Cegueira e esquizofrenia: a exceção revela a regra

Em uma publicação anterior, mostrei como o modelo diametral de doença mental poderia explicar por que a cegueira congênita parece prevenir a esquizofrenia. Desde então, uma implicação paralela do modelo diamétrico da doença mental encontrou confirmação inesperada na descoberta de que, em uma população de quase 5 milhões de dinamarqueses, menor tamanho de nascimento aumenta o risco de um distúrbio do espectro psicótico, ao mesmo tempo em que reduz o espectro do autismo , e vice-versa para maior tamanho de nascimento. Minha sugestão original era semelhante: porque a cegueira congênita é conhecida por aumentar o risco de autismo, deve também, pela lógica do modelo diamétrico, reduzir – ou talvez mesmo eliminar – o risco de psicose.

Mas agora, um novo estudo de Evelina Leivada e Cedric Boeckx, publicado em Frontiers in Human Neuroscience, completa o achado e sugere que exista uma exceção que pareça provar a regra diametral. Fundamentalmente, esses autores fazem uma distinção entre a cegueira cortical congênita (CCB), onde a lesão causando cegueira está no cérebro e a cegueira periférica congênita (CEC), onde está no olho. Embora os autores tenham identificado alguns casos de cegueira congênita e esquizofrenia, eles eram todos do tipo periférico e sua "pesquisa não identificou um único caso de CCB e esquizofrenia".

Leivada, E. and Boeckx, C. (2014).
Fonte: Leivada, E. e Boeckx, C. (2014).

Como isso é explicado? Os autores oferecem duas sugestões. Em primeiro lugar, eles seguem estudos prévios apontando que os genes implicados na CEC mostram múltiplas conexões com genes implicados na esquizofrenia, por exemplo OTX2. (Diagrama acima do extremo esquerdo, onde diferentes linhas entre nós representam diferentes tipos de evidências para a associação relatada entre genes: preto é para coexpressão, azul escuro para co-ocorrência, azul claro para bancos de dados, verde escuro para vizinhança, verde claro para mineração de texto, rosa para experiências, vermelho para fusão de genes, roxo para homologia. Os nós de proteínas são coloridos e dimensionados aleatoriamente). Outro gene crítico é Disrupted-in-Schizophrenia 1 ( DISC1, diagrama de extrema direita): "um dos loci de susceptibilidade mais discutidos para a esquizofrenia". Os autores apontam que DISC1 desempenha um papel na síndrome de Bardet-Biedl, a base genética de que "sugere que esta é uma síndrome que pode manifestar comorbidade entre esquizofrenia e retinite pigmentosa" (uma das principais causas de CEC).

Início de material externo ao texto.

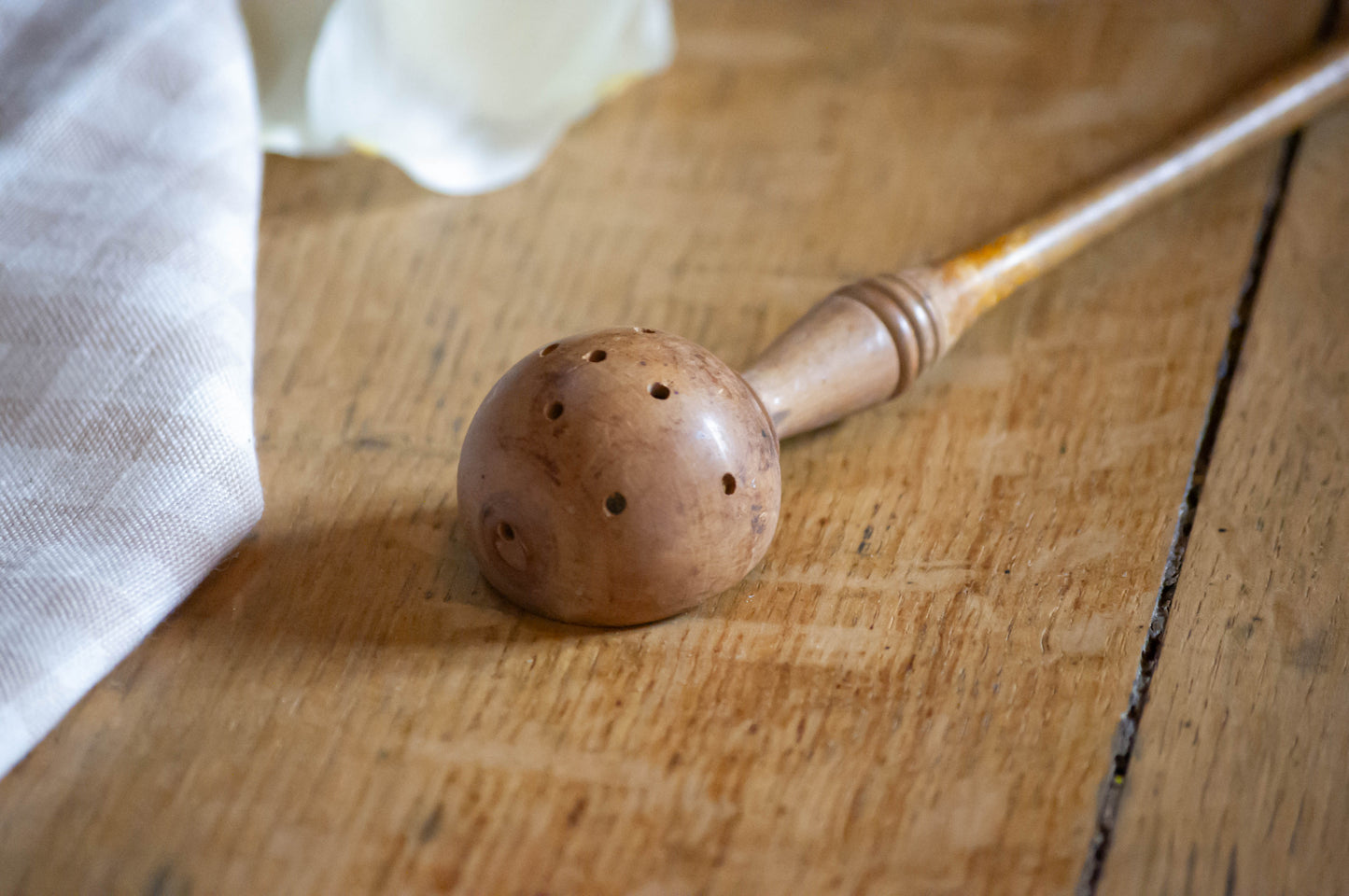 Cuillère à olives en bois.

A segunda sugestão dos autores é que o CCB – e, em menor grau, a CEC – resulta em compensações corticais secundárias protetoras contra a esquizofrenia ligada ao papel do tálamo (outras áreas cerebrais envolvidas são o córtex occipital, o núcleo geniculado lateral e o pulvinar). Um achado que pode ilustrar este efeito é que, como comentam esses autores, "os pacientes com CPB são significativamente melhores que os indivíduos com visão na percepção de fala ultra-rápida". Mas, eu acrescentaria, não são autistas, que normalmente são pensados ​​para ser surdos graças aos seus déficits evidentes na percepção e reação ao discurso, apesar da evidência de maior sensibilidade sensorial geral.

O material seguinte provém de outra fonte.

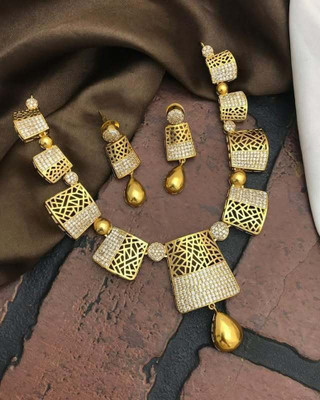 Rangrozo Jewellery Brass, Alloy Gold-plated Gold Jewellery Set(Pack of 1)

Os autores salientam que "muitos pacientes com esquizofrenia com distúrbios do pensamento tendem a uma sobre-abstração e sobre-inclusão em seus pensamentos, bem como redes semânticas excessivamente elaboradas (e mais facilmente preparadas)". Isso é o que eu chamaria de hiper -mentalismo e de acordo com o modelo diametral da doença mental, é a patologia central em todos os distúrbios do espectro psicótico, notadamente a esquizofrenia paranóica. Eles acrescentam que cegos congênitos "têm a tendência inversa de serem caracterizados pela falta de excesso de generalização de conceitos e categorias e uma quantidade reduzida de invenções de palavras". Isso, ao contrário, é sintomático do que chamaria de hipo-mentalismo , e de acordo com o modelo diamétrico é a principal patologia do distúrbio do espectro do autismo.

A implicação desses achados para a teoria do cérebro impresso e seu modelo diametral distintivo de doença mental é que a razão pela qual o CCB protege contra a esquizofrenia é que está associada à função cerebral autista e hipo-mentalista, como argumentava na minha publicação original. A CEC, no entanto, prova a regra às vezes produzindo o seu oposto: hiper-mentalismo, via comorbidade genética ligando a cegueira periférica e a esquizofrenia. Neste caso, poucas pequenas exceções se encaixam no modelo diametral tão bem como as linhas de tendência orientadas de forma oposta em grandes conjuntos de dados como o dinamarquês!